BEGIN

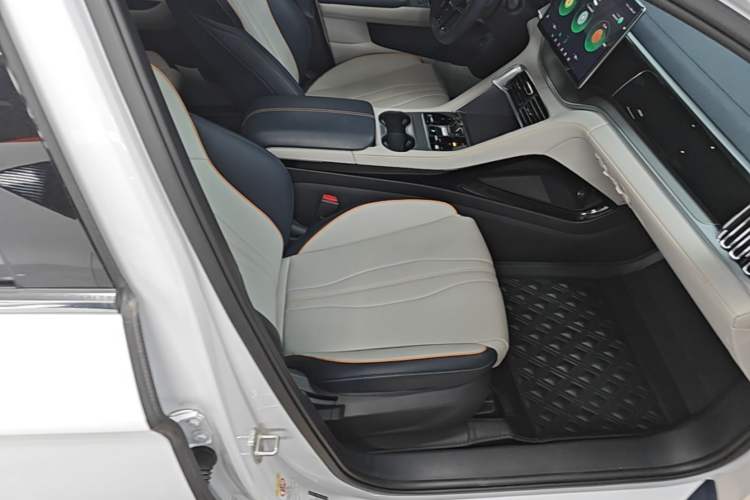 Used BYD Song PLUS New Energy 2023 Champion Edition DM-i 110KM Flagship Model Right Front Seat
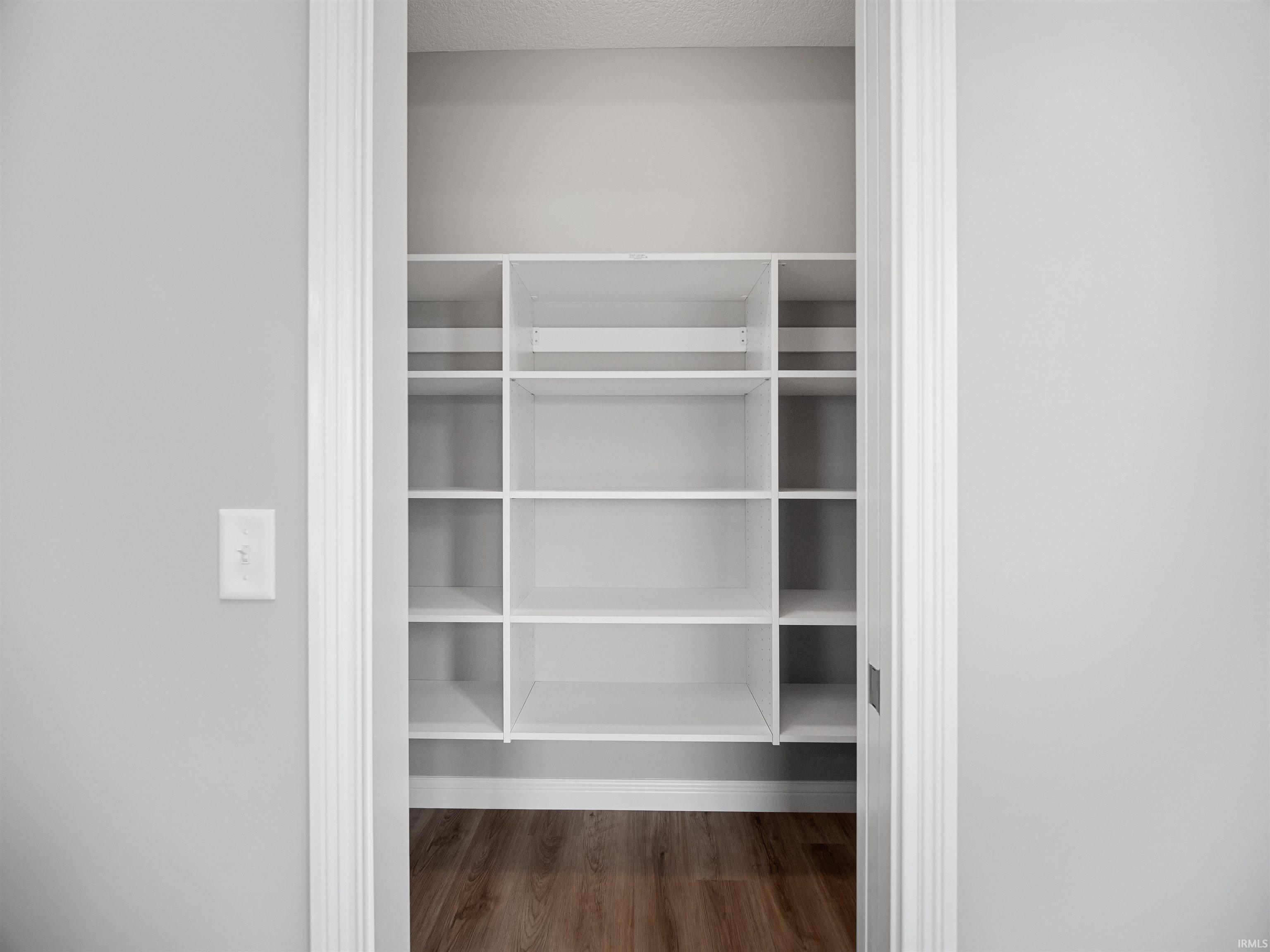 1319 Dixon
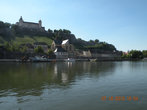 А так крепость выглядит издалека, с берега реки Майн.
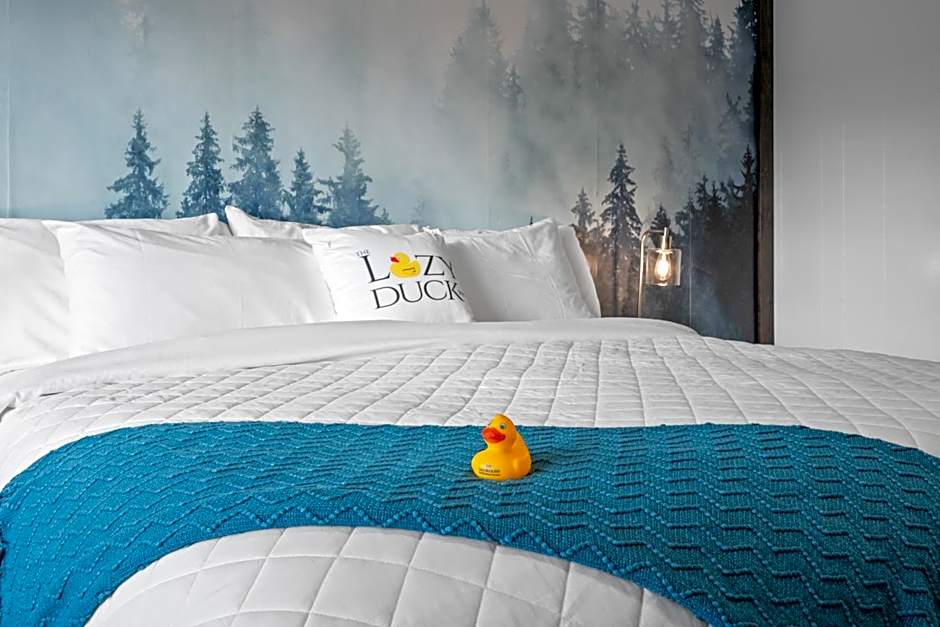 Lazy Duck Inn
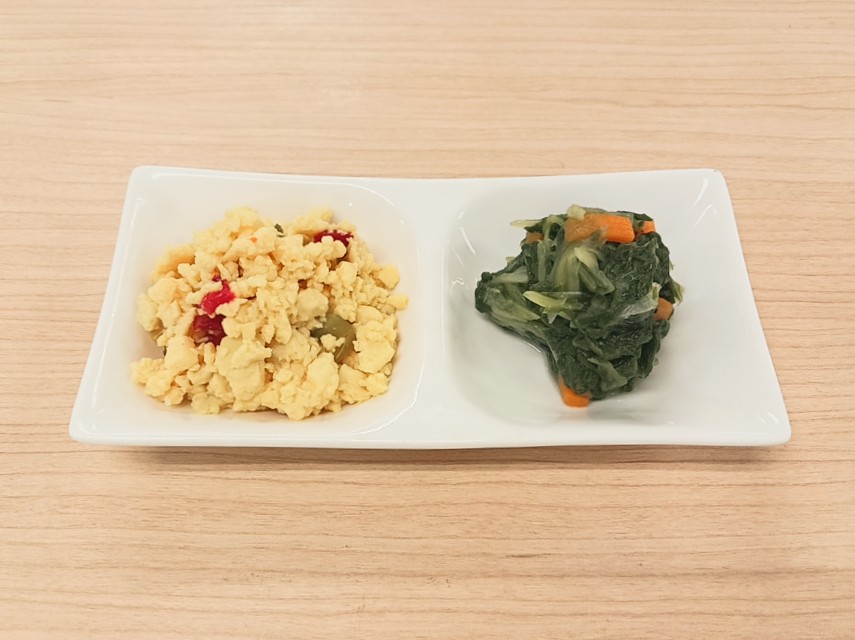 朝食
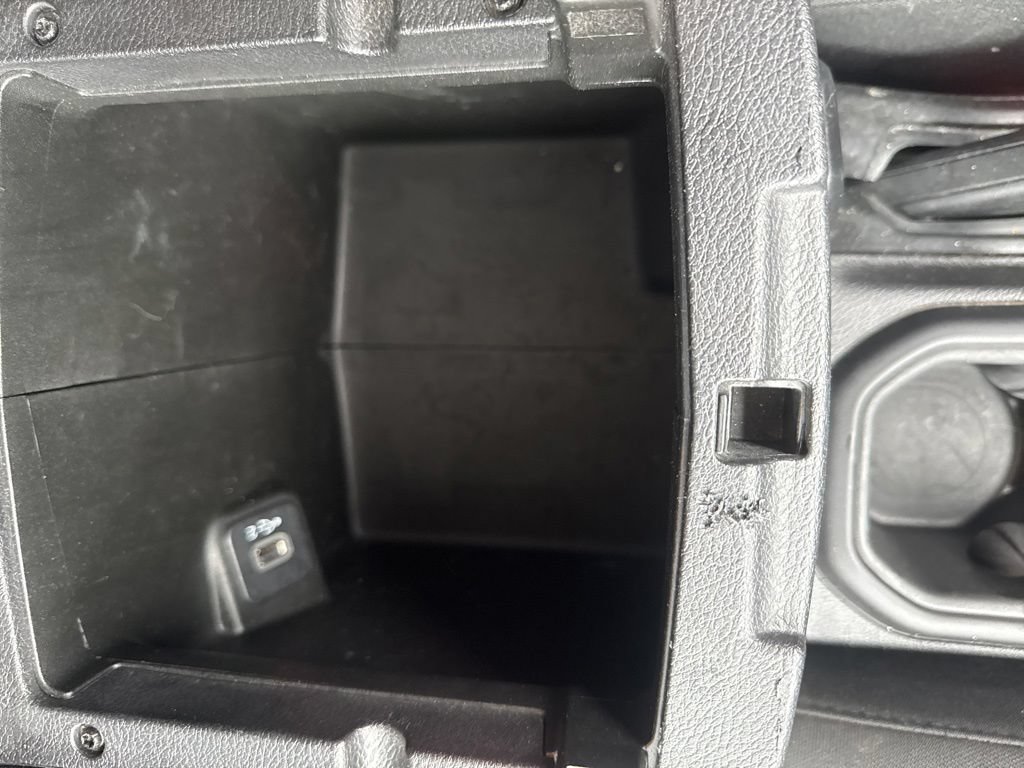 Used 2019 Jeep Wrangler Unlimited Sport S AWD/4WD image 35
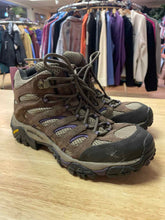 Load image into Gallery viewer, Shoe Size 9.5 Merrell Brown Boots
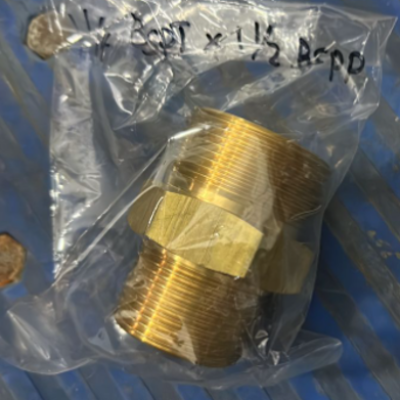 *Connector for Liquid N2 supply hose to skid tank, brass reducing nipple, 1-1 4" MBSPT x 1-1 2" MBSPP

END

**EXERCISE AIM:** "А так крепость" marks the first line to be returned; return exactly that line and every line after it through the last line of the listing, omitting pictures.

**TASK RESULT:**
 А так крепость выглядит издалека, с берега реки Майн.
 Lazy Duck Inn
 朝食
 Used 2019 Jeep Wrangler Unlimited Sport S AWD/4WD image 35
 Load image into Gallery viewer, Shoe Size 9.5 Merrell Brown Boots
 *Connector for Liquid N2 supply hose to skid tank, brass reducing nipple, 1-1 4" MBSPT x 1-1 2" MBSPP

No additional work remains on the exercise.